• Task brief
Extract from the entries below, exactly as given, only the lines from the line containing "Silver-Toned & Pink" to the line containing "Lunar New Year", both lines included.

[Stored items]
[Start of Attachment]
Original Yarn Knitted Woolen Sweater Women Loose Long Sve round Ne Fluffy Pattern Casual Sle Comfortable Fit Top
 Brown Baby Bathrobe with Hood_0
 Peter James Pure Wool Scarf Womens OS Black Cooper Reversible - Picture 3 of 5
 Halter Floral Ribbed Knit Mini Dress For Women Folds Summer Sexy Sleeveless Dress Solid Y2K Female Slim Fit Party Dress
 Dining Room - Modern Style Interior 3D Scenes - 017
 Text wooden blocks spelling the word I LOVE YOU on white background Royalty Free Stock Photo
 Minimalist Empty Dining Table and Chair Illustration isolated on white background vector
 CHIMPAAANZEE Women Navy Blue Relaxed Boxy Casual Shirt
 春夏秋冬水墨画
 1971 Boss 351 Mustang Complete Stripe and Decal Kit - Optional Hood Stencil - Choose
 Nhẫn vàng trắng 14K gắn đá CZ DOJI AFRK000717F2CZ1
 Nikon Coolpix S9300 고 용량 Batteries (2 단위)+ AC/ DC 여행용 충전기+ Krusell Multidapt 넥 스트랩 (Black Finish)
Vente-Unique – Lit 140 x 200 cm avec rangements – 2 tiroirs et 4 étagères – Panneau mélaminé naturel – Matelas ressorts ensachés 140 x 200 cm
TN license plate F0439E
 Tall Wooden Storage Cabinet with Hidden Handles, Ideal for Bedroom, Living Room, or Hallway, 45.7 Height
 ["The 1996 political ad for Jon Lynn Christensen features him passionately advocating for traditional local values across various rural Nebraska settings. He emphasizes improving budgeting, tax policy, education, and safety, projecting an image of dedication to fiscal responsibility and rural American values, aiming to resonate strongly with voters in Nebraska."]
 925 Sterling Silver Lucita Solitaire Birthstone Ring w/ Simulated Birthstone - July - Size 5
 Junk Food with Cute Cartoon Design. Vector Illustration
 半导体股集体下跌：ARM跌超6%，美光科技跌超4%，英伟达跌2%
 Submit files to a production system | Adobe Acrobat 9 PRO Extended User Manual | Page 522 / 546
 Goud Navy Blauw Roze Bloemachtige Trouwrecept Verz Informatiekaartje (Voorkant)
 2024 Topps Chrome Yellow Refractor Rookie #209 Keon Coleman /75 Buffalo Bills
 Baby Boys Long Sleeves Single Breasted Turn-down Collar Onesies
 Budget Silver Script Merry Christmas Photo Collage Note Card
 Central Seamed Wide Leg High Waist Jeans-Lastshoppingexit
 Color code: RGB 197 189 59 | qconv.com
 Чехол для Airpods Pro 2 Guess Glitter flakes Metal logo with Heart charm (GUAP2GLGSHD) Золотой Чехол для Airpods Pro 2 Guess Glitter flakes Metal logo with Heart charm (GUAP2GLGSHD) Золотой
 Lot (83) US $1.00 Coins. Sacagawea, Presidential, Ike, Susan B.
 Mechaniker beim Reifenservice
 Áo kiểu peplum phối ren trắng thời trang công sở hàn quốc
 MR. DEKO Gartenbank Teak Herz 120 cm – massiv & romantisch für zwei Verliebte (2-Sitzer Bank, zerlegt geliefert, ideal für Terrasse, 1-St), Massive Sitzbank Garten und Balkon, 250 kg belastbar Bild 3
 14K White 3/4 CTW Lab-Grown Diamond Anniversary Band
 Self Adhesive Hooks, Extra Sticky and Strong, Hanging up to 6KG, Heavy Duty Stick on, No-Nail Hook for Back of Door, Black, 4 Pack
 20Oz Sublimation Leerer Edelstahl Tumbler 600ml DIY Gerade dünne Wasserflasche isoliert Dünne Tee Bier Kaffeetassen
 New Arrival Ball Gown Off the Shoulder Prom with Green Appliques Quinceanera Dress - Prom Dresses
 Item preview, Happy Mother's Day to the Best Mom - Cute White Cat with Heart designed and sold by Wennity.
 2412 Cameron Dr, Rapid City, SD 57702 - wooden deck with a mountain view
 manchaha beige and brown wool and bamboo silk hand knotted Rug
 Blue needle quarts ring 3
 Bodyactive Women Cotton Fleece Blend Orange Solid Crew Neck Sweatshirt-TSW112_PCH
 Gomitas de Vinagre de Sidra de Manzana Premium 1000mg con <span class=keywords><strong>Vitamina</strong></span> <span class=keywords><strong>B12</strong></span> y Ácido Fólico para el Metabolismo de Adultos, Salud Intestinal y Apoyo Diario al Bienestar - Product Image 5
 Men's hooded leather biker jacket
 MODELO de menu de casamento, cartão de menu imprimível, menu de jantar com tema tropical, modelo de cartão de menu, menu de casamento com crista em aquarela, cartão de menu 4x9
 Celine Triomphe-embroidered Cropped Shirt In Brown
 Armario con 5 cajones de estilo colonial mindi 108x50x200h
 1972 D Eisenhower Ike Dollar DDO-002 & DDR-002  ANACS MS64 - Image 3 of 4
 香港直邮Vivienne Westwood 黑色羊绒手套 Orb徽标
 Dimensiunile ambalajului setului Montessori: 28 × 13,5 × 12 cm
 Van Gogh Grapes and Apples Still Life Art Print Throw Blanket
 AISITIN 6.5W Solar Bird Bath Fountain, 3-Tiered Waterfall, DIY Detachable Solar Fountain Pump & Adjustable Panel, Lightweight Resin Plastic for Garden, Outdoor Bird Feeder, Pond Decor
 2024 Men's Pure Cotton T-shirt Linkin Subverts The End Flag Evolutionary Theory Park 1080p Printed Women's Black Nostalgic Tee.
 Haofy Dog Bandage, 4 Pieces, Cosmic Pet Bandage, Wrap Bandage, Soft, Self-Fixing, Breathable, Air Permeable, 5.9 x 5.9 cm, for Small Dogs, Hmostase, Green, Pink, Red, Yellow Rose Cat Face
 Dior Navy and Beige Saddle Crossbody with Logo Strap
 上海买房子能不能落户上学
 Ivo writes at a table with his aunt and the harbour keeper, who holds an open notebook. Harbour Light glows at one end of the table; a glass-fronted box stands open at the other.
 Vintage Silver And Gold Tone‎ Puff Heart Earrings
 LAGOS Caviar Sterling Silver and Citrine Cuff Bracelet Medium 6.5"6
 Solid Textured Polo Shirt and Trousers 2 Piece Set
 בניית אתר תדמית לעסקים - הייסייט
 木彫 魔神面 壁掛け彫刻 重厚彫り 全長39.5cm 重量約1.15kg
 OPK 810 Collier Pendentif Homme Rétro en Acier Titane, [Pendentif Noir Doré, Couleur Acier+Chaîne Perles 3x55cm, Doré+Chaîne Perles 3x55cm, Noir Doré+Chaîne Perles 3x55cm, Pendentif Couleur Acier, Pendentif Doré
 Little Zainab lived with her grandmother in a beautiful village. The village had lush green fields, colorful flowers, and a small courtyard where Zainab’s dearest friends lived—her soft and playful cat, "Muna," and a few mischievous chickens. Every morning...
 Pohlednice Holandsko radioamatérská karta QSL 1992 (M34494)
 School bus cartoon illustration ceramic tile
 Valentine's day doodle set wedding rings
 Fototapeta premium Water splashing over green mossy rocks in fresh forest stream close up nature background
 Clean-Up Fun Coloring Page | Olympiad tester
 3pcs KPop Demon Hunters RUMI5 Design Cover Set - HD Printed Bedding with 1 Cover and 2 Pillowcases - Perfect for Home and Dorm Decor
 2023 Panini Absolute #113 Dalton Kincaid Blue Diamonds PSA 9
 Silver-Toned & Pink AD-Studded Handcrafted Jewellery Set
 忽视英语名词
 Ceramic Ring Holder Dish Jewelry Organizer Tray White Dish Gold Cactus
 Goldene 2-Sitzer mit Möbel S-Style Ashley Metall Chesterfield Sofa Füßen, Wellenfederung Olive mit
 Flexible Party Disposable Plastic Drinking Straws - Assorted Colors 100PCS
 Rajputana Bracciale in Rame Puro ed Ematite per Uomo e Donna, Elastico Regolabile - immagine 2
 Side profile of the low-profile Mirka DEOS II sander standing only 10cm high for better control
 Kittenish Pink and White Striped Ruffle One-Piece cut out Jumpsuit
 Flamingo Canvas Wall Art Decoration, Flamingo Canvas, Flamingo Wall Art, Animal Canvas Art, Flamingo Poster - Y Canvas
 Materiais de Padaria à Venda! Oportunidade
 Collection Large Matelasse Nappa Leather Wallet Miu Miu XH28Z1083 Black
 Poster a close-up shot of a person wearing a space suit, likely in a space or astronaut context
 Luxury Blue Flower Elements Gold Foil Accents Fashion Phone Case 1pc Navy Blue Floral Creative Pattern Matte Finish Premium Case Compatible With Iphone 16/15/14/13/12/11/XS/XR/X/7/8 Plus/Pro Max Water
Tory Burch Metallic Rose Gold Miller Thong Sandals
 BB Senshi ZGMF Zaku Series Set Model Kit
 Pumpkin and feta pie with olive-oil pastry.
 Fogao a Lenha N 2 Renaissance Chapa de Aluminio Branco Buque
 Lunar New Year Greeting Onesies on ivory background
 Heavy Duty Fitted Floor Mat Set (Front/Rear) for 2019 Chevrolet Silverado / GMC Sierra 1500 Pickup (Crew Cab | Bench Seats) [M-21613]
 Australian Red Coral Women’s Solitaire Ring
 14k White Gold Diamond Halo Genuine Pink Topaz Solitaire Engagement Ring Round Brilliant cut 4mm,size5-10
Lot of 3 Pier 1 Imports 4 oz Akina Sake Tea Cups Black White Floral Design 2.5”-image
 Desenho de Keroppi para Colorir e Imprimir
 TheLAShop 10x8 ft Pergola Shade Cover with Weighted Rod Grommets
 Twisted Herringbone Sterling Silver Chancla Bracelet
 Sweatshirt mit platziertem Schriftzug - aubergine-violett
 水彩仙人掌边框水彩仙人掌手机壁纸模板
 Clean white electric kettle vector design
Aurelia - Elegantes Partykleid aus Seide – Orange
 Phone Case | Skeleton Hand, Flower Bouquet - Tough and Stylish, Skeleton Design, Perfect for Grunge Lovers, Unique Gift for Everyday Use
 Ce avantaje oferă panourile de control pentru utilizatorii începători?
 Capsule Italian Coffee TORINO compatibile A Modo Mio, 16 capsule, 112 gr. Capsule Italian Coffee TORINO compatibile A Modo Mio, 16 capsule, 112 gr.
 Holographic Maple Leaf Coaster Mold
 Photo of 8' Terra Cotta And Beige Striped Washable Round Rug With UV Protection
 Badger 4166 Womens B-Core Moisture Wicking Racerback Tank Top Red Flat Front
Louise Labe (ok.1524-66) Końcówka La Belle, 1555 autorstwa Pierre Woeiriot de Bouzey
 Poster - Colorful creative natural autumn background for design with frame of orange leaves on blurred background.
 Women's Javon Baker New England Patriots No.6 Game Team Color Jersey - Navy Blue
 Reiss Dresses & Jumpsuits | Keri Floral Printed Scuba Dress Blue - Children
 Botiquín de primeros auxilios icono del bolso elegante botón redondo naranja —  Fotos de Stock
[End of Attachment]
• Reply to the exercise
 Silver-Toned & Pink AD-Studded Handcrafted Jewellery Set
 忽视英语名词
 Ceramic Ring Holder Dish Jewelry Organizer Tray White Dish Gold Cactus
 Goldene 2-Sitzer mit Möbel S-Style Ashley Metall Chesterfield Sofa Füßen, Wellenfederung Olive mit
 Flexible Party Disposable Plastic Drinking Straws - Assorted Colors 100PCS
 Rajputana Bracciale in Rame Puro ed Ematite per Uomo e Donna, Elastico Regolabile - immagine 2
 Side profile of the low-profile Mirka DEOS II sander standing only 10cm high for better control
 Kittenish Pink and White Striped Ruffle One-Piece cut out Jumpsuit
 Flamingo Canvas Wall Art Decoration, Flamingo Canvas, Flamingo Wall Art, Animal Canvas Art, Flamingo Poster - Y Canvas
 Materiais de Padaria à Venda! Oportunidade
 Collection Large Matelasse Nappa Leather Wallet Miu Miu XH28Z1083 Black
 Poster a close-up shot of a person wearing a space suit, likely in a space or astronaut context
 Luxury Blue Flower Elements Gold Foil Accents Fashion Phone Case 1pc Navy Blue Floral Creative Pattern Matte Finish Premium Case Compatible With Iphone 16/15/14/13/12/11/XS/XR/X/7/8 Plus/Pro Max Water
Tory Burch Metallic Rose Gold Miller Thong Sandals
 BB Senshi ZGMF Zaku Series Set Model Kit
 Pumpkin and feta pie with olive-oil pastry.
 Fogao a Lenha N 2 Renaissance Chapa de Aluminio Branco Buque
 Lunar New Year Greeting Onesies on ivory background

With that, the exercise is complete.